AKP, hastalandığımızda ilk olarak koşa koşa gittiğimiz Aile Sağlığı Merkezlerini taşeronlaştırdı!
Resmen sağlık sisteminin içine okudular!
Batı Türklerin sağlık ocağı merkezini araştırırken biz AB’ye uyacağız diye sağlık ocaklarımızı, Aile Sağlığı Merkezlerine çevirdik.
Peki ne mi oldu sonuç olarak?
Aile Sağlığı Merkezleri taşeronlaşırken doktorlar işveren oldu, çalışanlar da taşeron eleman!

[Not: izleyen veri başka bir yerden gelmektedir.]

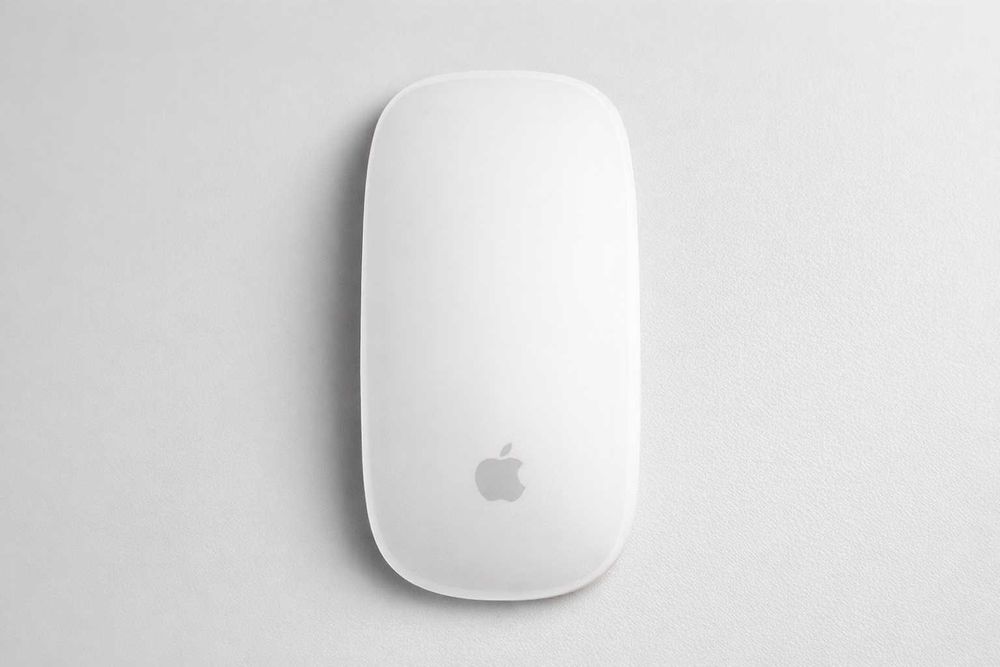 MacBook Air M1 2020 + Apple Mouse  (8GB / 94% батарея)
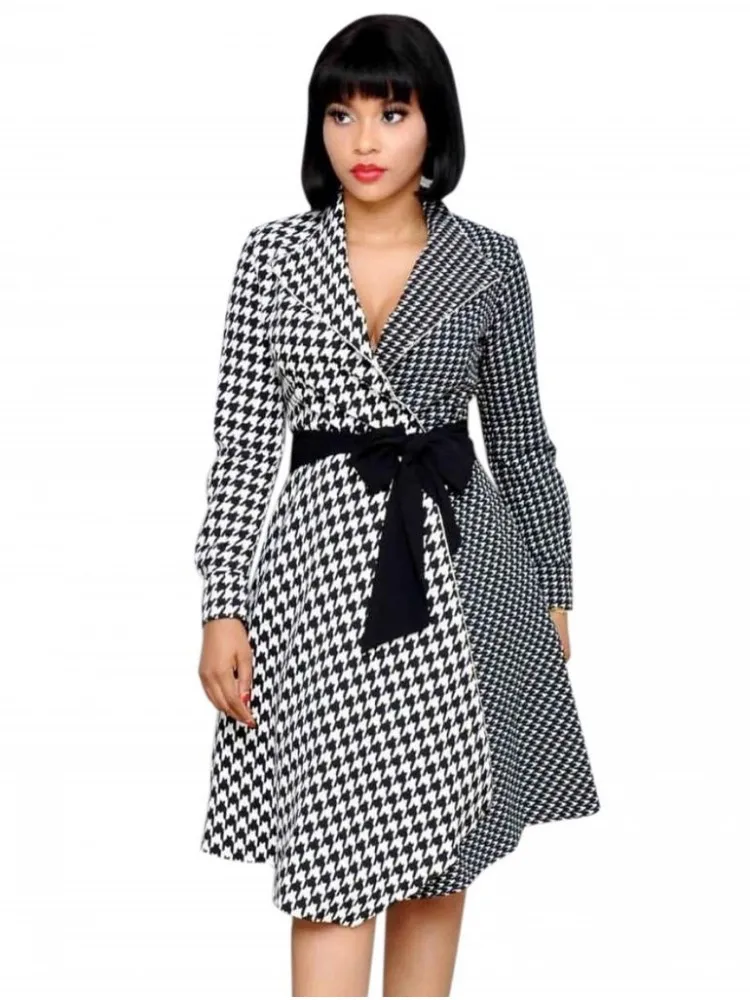 Autumn Winter Women Long Sleeve Vintage Dress 2019 Plaid Print Notched Midi Swing Dress Elegant Fashion Office Dress Vestidos
Autumn Winter Women Long Sleeve Vintage Dress 2019 Plaid Print Notched Midi Swing Dress Elegant Fashion Office Dress Vestidos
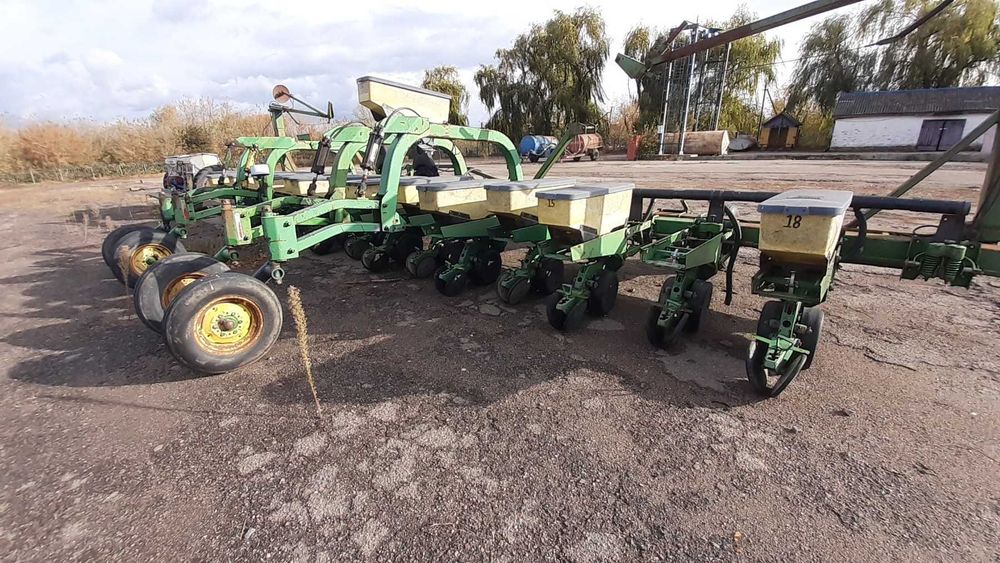 Сівалка John Deere 7300 Max Emerge2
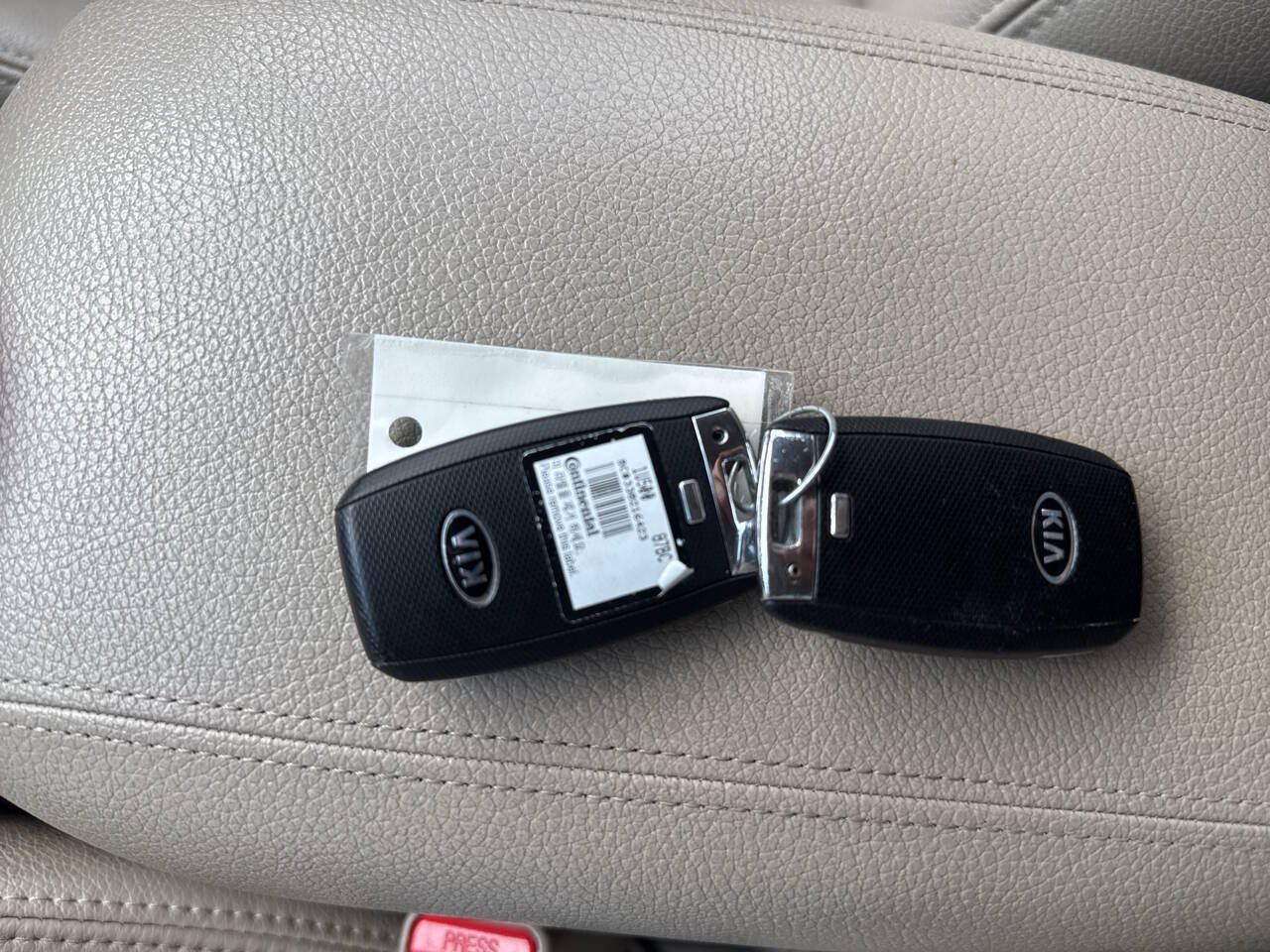 Used 2014 Kia Sorento EX w/ EX V6 Touring Package AWD/4WD image 9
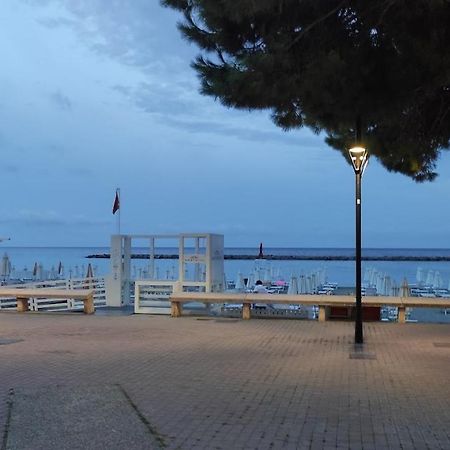Hotel Fortuna San Bartolomeo Al Mare Esterno foto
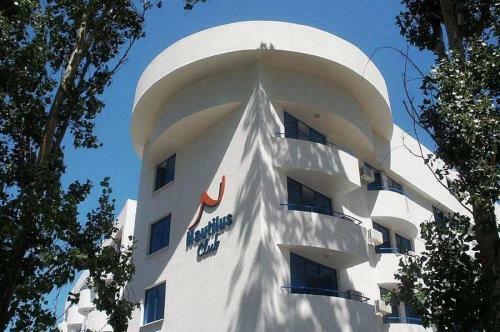 Nautilius Club - Menada Apartments
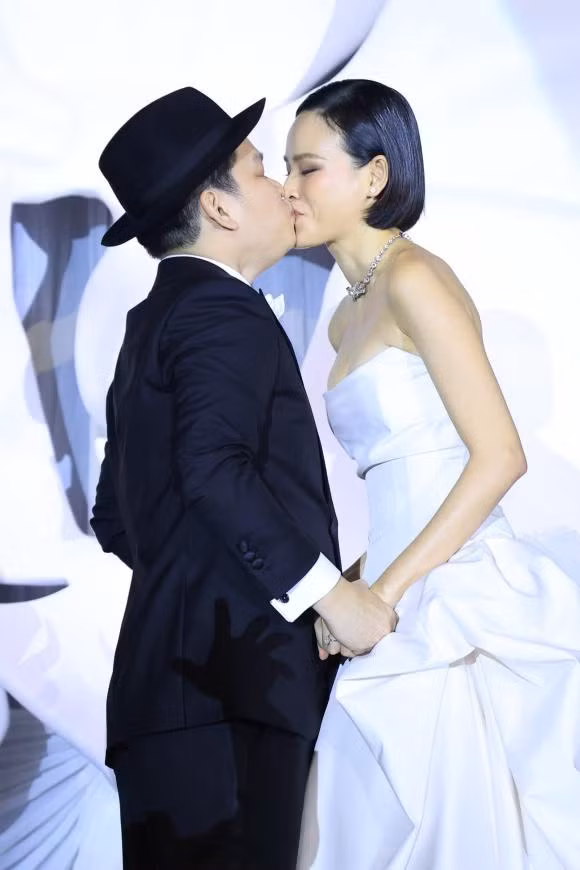 Trong phần làm lễ, Tuyết Lan ôm hôn chú rể của mình say đắm trong tiếng vỗ tay của bạn bè, người thân.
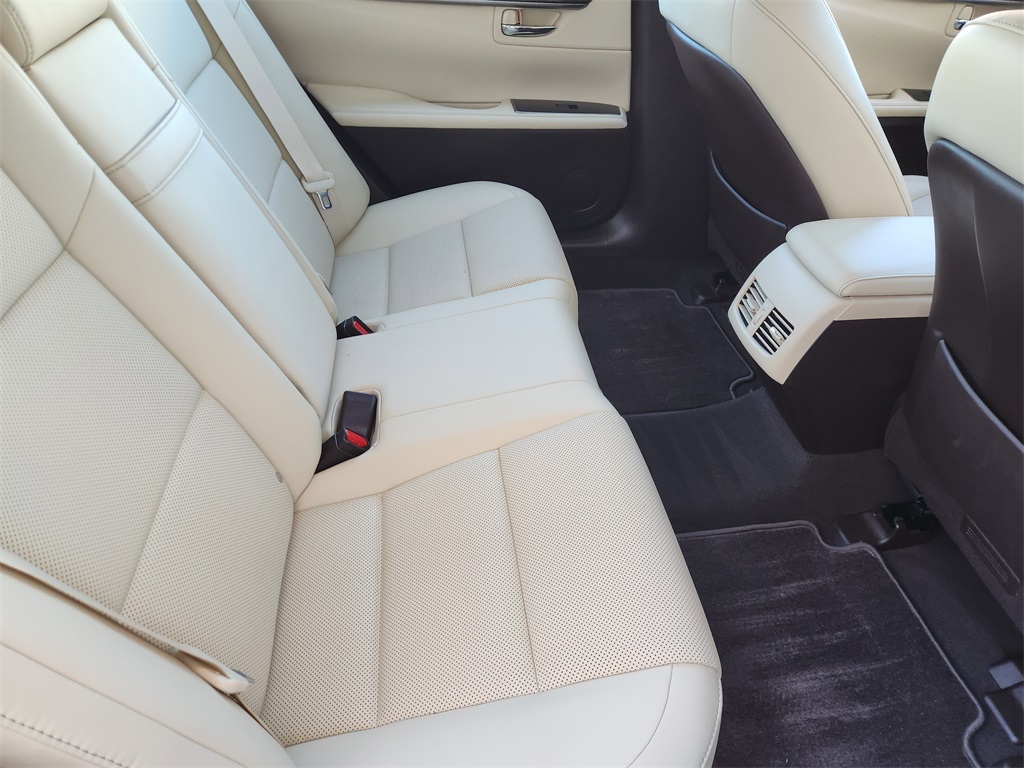 2016 Lexus ES 350 Black at Ultimate Motorsports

Taşeron olmakla da kalmadılar, artık sağlıkçı da sayılmıyorlar!
İşe alan da doktor, işten çıkarılmalarına karar veren de!
Kadro mu o da ne?
Kadro zaten yok, özlük hakkı, ilave tediye, promosyon ve giyim hakkı falan hepsi yalan!
Hiçbir sosyal haktan yararlanamıyorlar!
Peki maaşlar ne durumda biliyor musunuz?
Aile Sağlığı Merkezi çalışanı üniversite mezunu bir hemşire yarı zamanlı çalışıyorsa 4 bin TL, tam zamanlı çalışıyor ise en fazla asgari ücret alıyor!
8 sene ilköğretimin üzerine 4 sene lise üstüne 4 sene üniversite okumuş!
16 sene dirsek çürütmüş, hastalara şifa olmak için bu mesleği seçmiş bir vatandaşa devletin reva gördüğü ücret işte tam olarak bu!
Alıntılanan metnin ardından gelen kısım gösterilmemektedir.